A crença de que a natureza feminina implica uma componente masoquista, ainda hoje amplamente difundida, parte do pressuposto de que as mulheres têm uma predisposição biológica para o masoquismo.
Comportar-se passivamente, todavia, não é de modo algum sinónimo de felicidade ou sequer de prazer; qualquer ser humano, em princípio, aprecia a atividade, aprecia poder dispor de si, tomar iniciativas, etc. etc. Esta caraterística, visível nas crianças desde os primeiros anos do seu desenvolvimento, é frequentemente contrariada pelos adultos a pretexto de perigos vários e neste particular caso as meninas e as jovens são muitas vezes fortemente condicionadas a aceitarem um amplo leque de limitações; temos assim que em boa verdade são socialmente predispostas desde a mais tenra infância para o masoquismo.

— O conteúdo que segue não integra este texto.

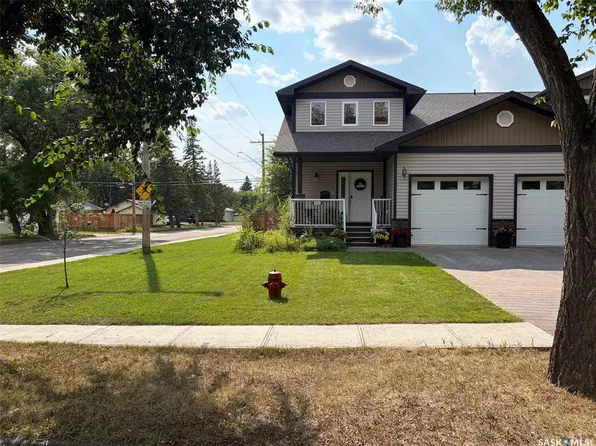 715 Centre STREET, Shaunavon, SK S0N 2M0
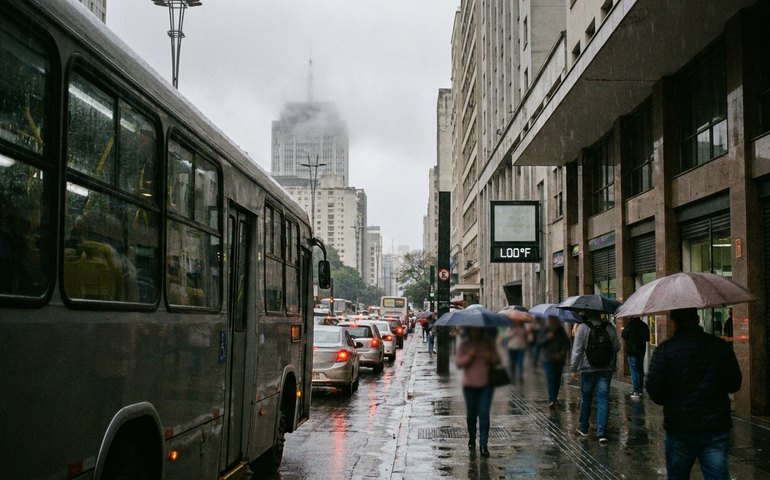 Frio e chuva marcam início da semana em São Paulo, aponta Climatempo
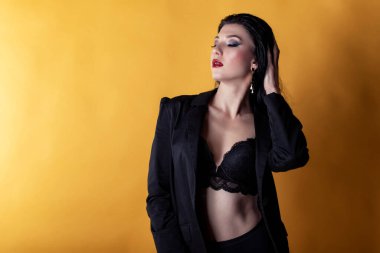 Esmer bir kızın stüdyo fotoğrafı.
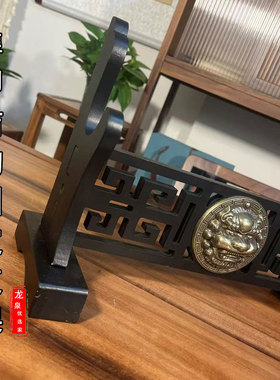 镇宅刀剑展示架实木剑架子武兵器剑托笛子架箫架子笔枪架精品摆件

A ideia de que o masoquismo é inerente à natureza feminina ganhou força no século XIX e contou com a autoridade de Freud que lhe forneceu a respetiva formulação teórica. Recorria-se então a essa predisposição para explicar a passividade das mulheres tanto nas relações sexuais como nas relações sociais. O masoquismo seria a causa e a passividade o efeito, mas podemos bem perguntar se esta relação não estaria equivocada no sentido e se não se estaria a pôr o carro à frente dos bois, confusão afinal mais frequente do que se pode imaginar. De qualquer modo, por motivos de pura conveniência pragmática, importava convencer as mulheres de que adoravam a passividade, adoravam ser dominadas, apreciavam ser tratadas como coisas, sobretudo se essas coisas fossem consideradas valiosas.

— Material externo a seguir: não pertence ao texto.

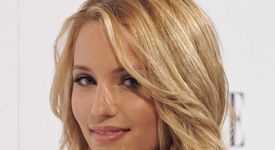 Диана Агрон на корицата на Cosmopolitan Russia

Mas como todos os seres humanos e também todos os mamíferos, pelo menos os que nos são mais próximos, gostam de ação, de domínio, de poder, quando se diz que alguns não gostam, o melhor é tentar descobrir a quem é que esse não gosto aproveita. Ora não é preciso escavar muito para descobrir que esse não gosto das mulheres pelo exercício do poder convém, e muito, aos homens. Por isso, não é de estranhar que, quando a partir do século XIX a relação de forças se começou a alterar, com a industrialização e o acesso das mulheres a postos de trabalho remunerados, se procurasse conferir um estatuto científico a essa crença. Afinal se até era científico, a partir daí o que é que as mulheres poderiam fazer? Podiam apenas fazer como o D. João VI da nossa história pátria que à pergunta: Juraste a Constituição, que fazes agora João? Respondeu com bonomia e sentido crítico: faço o que me dizem e como o que me dão!

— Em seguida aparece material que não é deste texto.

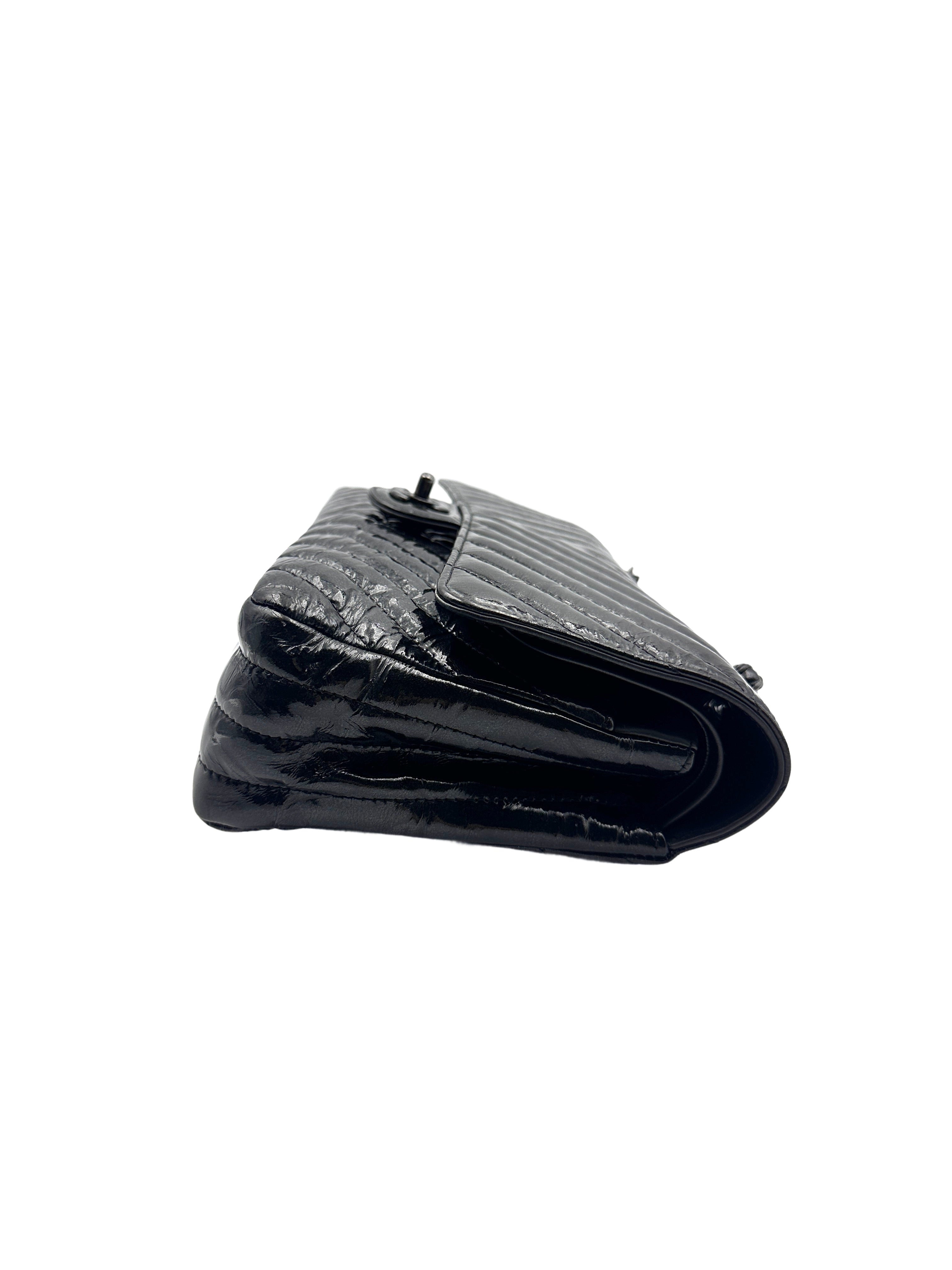 Chanel CF So Black V-Stitch Cowhide Bag (25***17) CC923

Resumindo, as mulheres perceberam que o melhor seria fazer da necessidade virtude; como não podiam dominar e tinham de se submeter, como não podiam ser ativas e tinham de ser passivas, então, seria "mais sensato"apreciarem a submissão, amarem a passividade e a orientação de outrem, aceitarem “livremente” a escravidão!
O curioso é que ainda hoje, jovens, pretensamente evoluídas, saem a terreiro para defender este papelão que a sociedade lhes reservou e falam em companheiros dominadores aos quais gostam de se submeter.